## DATA FOR ANALYSIS
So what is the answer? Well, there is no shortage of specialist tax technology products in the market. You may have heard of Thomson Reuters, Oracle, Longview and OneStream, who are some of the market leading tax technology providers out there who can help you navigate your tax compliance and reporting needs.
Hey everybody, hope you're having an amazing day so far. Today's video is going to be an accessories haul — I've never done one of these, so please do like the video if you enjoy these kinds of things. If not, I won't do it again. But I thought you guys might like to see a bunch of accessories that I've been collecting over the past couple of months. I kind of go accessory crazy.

...

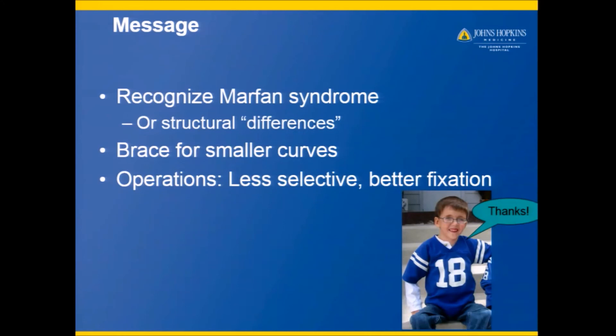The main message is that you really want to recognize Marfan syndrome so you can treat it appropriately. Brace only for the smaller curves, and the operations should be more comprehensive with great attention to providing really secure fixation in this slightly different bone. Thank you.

## WHAT THE EXERCISE ASKS
Out of the entries above, write out only the lines between the line holding "So what is the" and the line holding "Hey everybody, hope", inclusive, each exactly as given.

## RESULT OF THIS EXERCISE
So what is the answer? Well, there is no shortage of specialist tax technology products in the market. You may have heard of Thomson Reuters, Oracle, Longview and OneStream, who are some of the market leading tax technology providers out there who can help you navigate your tax compliance and reporting needs.
Hey everybody, hope you're having an amazing day so far. Today's video is going to be an accessories haul — I've never done one of these, so please do like the video if you enjoy these kinds of things. If not, I won't do it again. But I thought you guys might like to see a bunch of accessories that I've been collecting over the past couple of months. I kind of go accessory crazy.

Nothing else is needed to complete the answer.